Ce n’est pas tout à fait avant San-Antonio, mais ces aventures sont écrites avant que le fameux commissaire devienne célèbre, à un moment très incertain où Dard ne sait pas trop s’il va persister dans le roman policier, ou si au contraire il va plutôt s’orienter vers une carrière d’auteur dramatique. Mais il faut bien faire bouillir la marmite, il vient juste de s’installer aux Mureaux et peine à gagner sa vie, et donc il multiplie les opportunités. Cependant ces aventures de l’Ange noir, certainement écrites très vite, sont absolument nécessaires, et cela pour au moins trois raisons :
- d’abord parce que de nombreuses formes sont testées ici par Frédéric Dard et seront reprises ensuite dans des épisodes de la saga du commissaire San-Antonio. Bien que l’Ange noir soit un gangster sans morale et violent, on peut y voir la génèse de San-Antonio qui à l’époque reste encore englué dans le ressassement des séquelles de la guerre ou encore dans des histoires d’espionnage liées à l’Occupation. De même l'Ange noir aime a détaillé ses exploits sexuels avec des positions plutôt curieuses et étranges ;
- ensuite parce que les histoires imaginées par Frédéric Dard sont des variations sur les thèmes classiques du roman noir. Car si en effet Dard va devenir sous son véritable patronyme un des maîtres du roman noir, comme le démontre Dominique Jeannerod[2], il a bien fallu qu’il en apprenne la technique. On peut dire que c’est aussi dans le développement des aventures de l’Ange noir qui se placent aussi sous le patronage des grands auteurs américains, William Irish ou James M. Cain, ou encore de James Hadley Chase.

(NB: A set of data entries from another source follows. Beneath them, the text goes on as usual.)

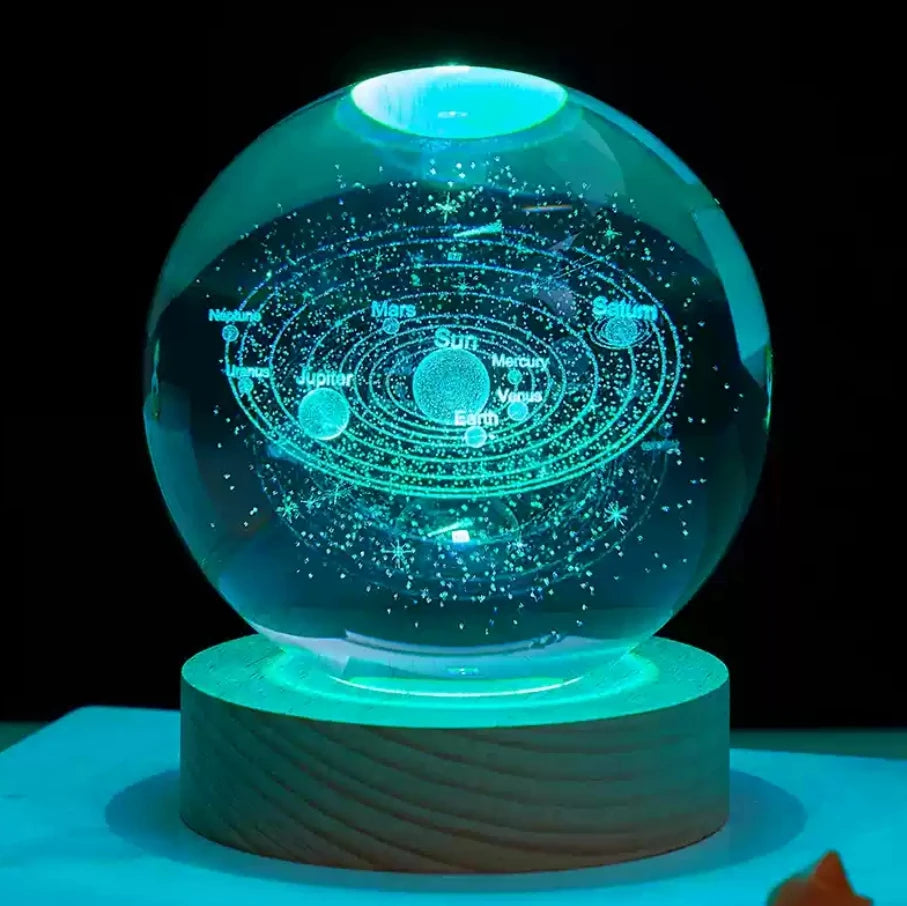 Crystal Ball 3D Atmosphere Saturn Solar System MoonPlanets Crystal Ball Glass Ball Home Decoration Valentine's Day Gift Ornament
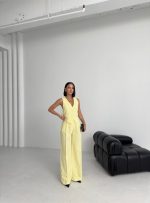 Keten Sirti Çapraz Geçi̇şli̇ Cepken Pantolon Takim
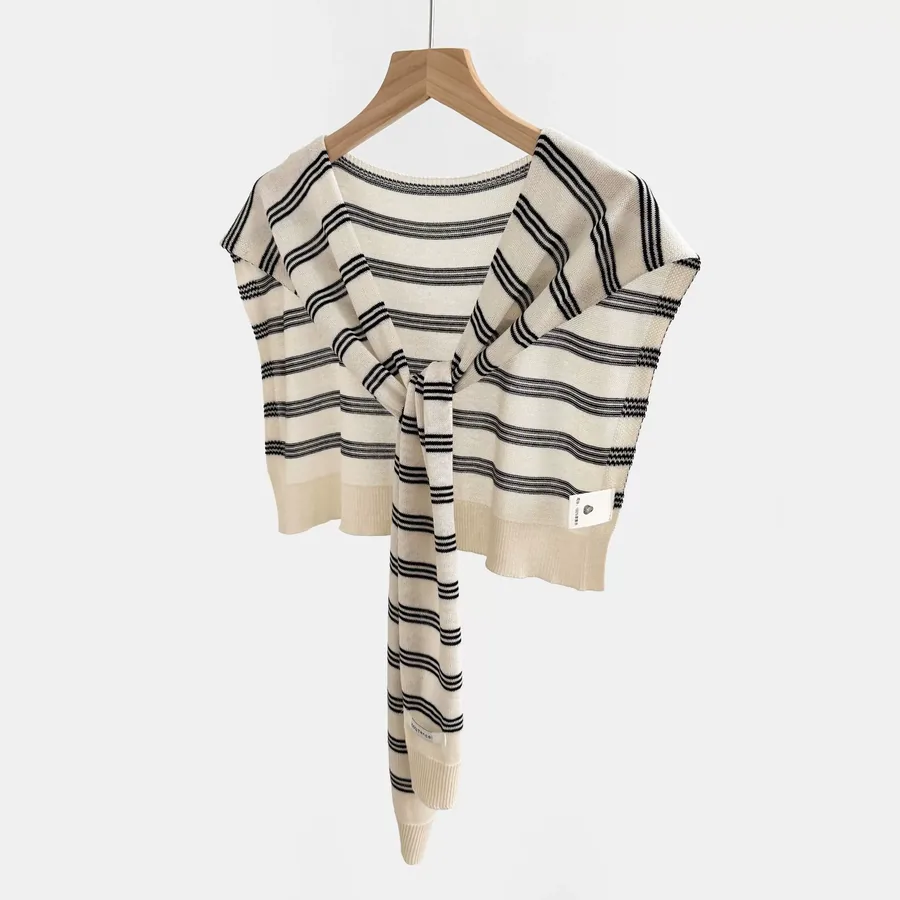 Tencel Striped Wrap view 11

- enfin parce, et bien que Dard considérait d’une manière circonspecte ces œuvres de jeunesse, on prend beaucoup de plaisir à les lire.
L’Ange noir est un mauvais garçon, le pire de ce qui peut se faire des deux côtés de l’Atlantique. Il vole, il tue, il rackette, sans considération pour personne d’autre que sa personne et l’argent qu’il peut tirer de ses exactions. Tout ça dans une Amérique fantasmée, peu réelle bien sûr, le souci du réalisme documenté n’est pas très présent. Il distribue les pruneaux comme un rien, punissant méchamment tous ceux qui lui ont nui. Mais n’allez pas croire que pour autant l’Ange noir ne possède plus aucun sens moral, on le verra rendre également la justice aussi bien à l’encontre d’hommes d’affaires véreux que de gangsters qui ont manqué à leur parole.
C’est de la littérature populaire des années cinquante, époque où la télévision n’était pas encore répandue, et où la lecture était un loisir presqu’aussi important que le cinéma. Quand on lit aujourd’hui des polars prétentieux et épais comme des bibles, on se demande si le genre y a vraiment gagné quelque chose. En tous les cas l’Ange noir, malgré les faibles tirages des éditions originales contribuait lui aussi à l’apprentissage de la lecture par les masses ouvrières.